An entry generated by clang -MJ, looks like this:

{
  "directory": "/home/user/dev/llvm/build",
  "file": "/tmp/foo.cpp",
  "output": "foo.o",
  "arguments": ["/usr/bin/clang-5.0", "-xc++", "/tmp/foo.cpp", "--driver-mode=g++", "-Wall", "-I", "/home/user/dev/libcpp/libcpp/include", "-c", "--target=x86_64-unknown-linux-gnu"]
}

Note

A good introduction to compilation databases is available on Eli Bendersky’s blog:

What is it good for?

You might wonder what a compilation database is good for. This section list a various tools that may benefit from a compilation database.

Clang tools

Core Clang tools and extra Clang tools:

A few other tools seems to be available, but they aren’t officially documented:

  • clang-refactor

  • clang-reorder-fields

  • clang-change-namespace

  • clang-move

See also

Text editors and IDEs

To bring basic IDE-like features to text editor you need 2 things:

  1. text editor plugin which integrates libclang

  2. a compilation database, to feed to libclang

With this, you can have features such as semantic code completion and on-the-fly syntax checking.

LSP

LSP stands for Language Server Protocol, see Microsoft/language-server-protocol on Github.

Atom

GNU Emacs

Vim

Other tools

See also

Some of the tools listed here:

How to generate a JSON Compilation Database?

Build systems and compilers

This section describes build tools which natively support the generation of a compilation database.

Bazel

Clang

Clang’s -MJ option generates a compilation database entry per input (requires Clang >= 5.0).

Usage:

clang++ -MJ a.o.json -Wall -std=c++11 -o a.o -c a.cpp
clang++ -MJ b.o.json -Wall -std=c++11 -o b.o -c b.cpp

To merge the compilation database entries into a valid compilation database, it is possible to use (GNU) sed:

sed -e '1s/^/[\n/' -e '$s/,$/\n]/' *.o.json > compile_commands.json

Or, using any sed under Bash, Zsh or ksh:

sed -e '1s/^/[\'$'\n''/' -e '$s/,$/\'$'\n'']/' *.o.json > compile_commands.json

This sed invocation does the following:

  • insert the opening bracket: [

  • concatenate the entries

  • remove the trailing comma of the last entry (to be JSON compliant)

  • insert the closing bracket: ]

CMake

To generate a JSON compilation database with CMake, enable the CMAKE_EXPORT_COMPILE_COMMANDS option (requires CMake >= 2.8.5).

For example, in an existing build directory, type:

cmake -DCMAKE_EXPORT_COMPILE_COMMANDS=ON .
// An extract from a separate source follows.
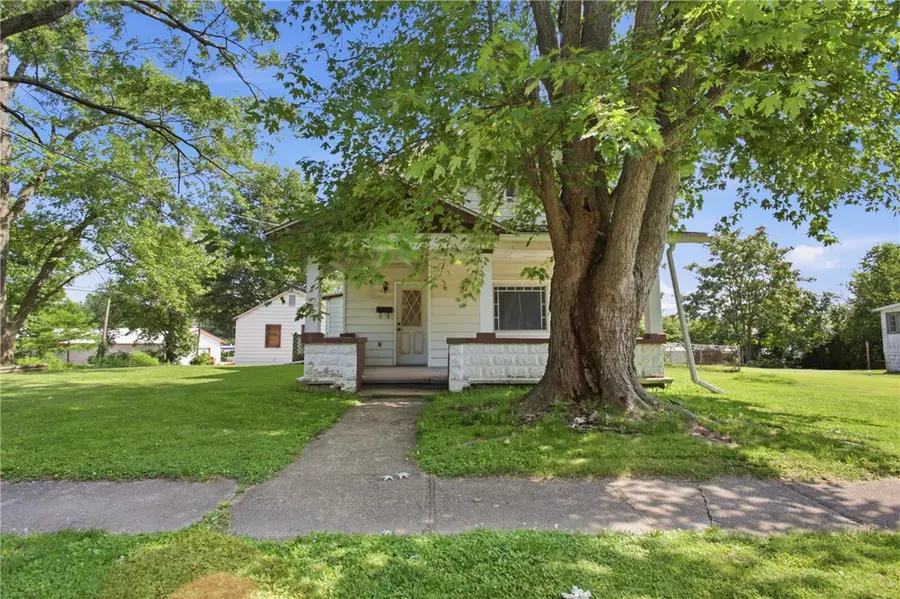 310 Morgan Street, Newton, IL 62448 - #2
This will create a file name compile_commands.json in the build directory.

Ninja

To generate a JSON compilation database with Ninja, use the -t compdb option (requires Ninja >= 1.2). This option takes a list of rules as argument.

Usage:

ninja -t compdb > compile_commands.json

Note

Ninja < 1.10 were more difficult to use, they required a rule name to be specified as an argument.

Qbs

qbs natively support the generation of a compilation database.

Usage:

qbs generate --generator clangdb

waf

waf supports the generation of a JSON Compilation database by adding the following lines to the wfscript:

def configure(conf):
    conf.load('compiler_cxx')
    ...
    conf.load('clang_compilation_database')

Specialized tools

Some build systems do not support generating a compilation database.
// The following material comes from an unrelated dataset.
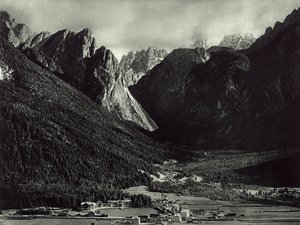 La città di Dobbiaco nelle Dolomiti da Unknown photographer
A non-exhaustive list, includes:

  • the GNU Build System (autotools): ./configure and friends

  • KBuild, the Linux Kernel Makefiles

For this reason, a few tools have emerged to respond to this issue.

bear and intercept-build

Bear and intercept-build from scan-build, are two tools from László Nagy, that collects the compile options by intercepting calls to the compiler during the build. To have a complete compilation database a full build is required.

The scan-build tools is included in Clang tree since release 3.8.0, as a replacement of the Perl implementation of scan-build. It’s reasonable to think that someday, distributions will offer it as package. scan-build can already be easily be installed with pip:

pip install scan-build

Usage:

<bear|intercept-build> BUILD_COMMAND

Example:

bear make -B -j9
intercept-build ./build.sh

A file named compile_commands.json is created in the current directory.

cdcd

The cdcc uses a compiler wrapper to write an sqlite3 database, from which compile_commands.json files can be generated.

The tools can be used to generate a compilation database for the JHBuild tool.

CodeChecker log

The ld logger tool from codechecker has an implementation of a build interceptor similar to bear and intercept-build.

They favor intercept-build [2] when available, but fallback to the ld logger tool when needed.

The ld logger tool can be invoked with a build command, for example:

CodeChecker log -o compile_commands.json -b "make -B"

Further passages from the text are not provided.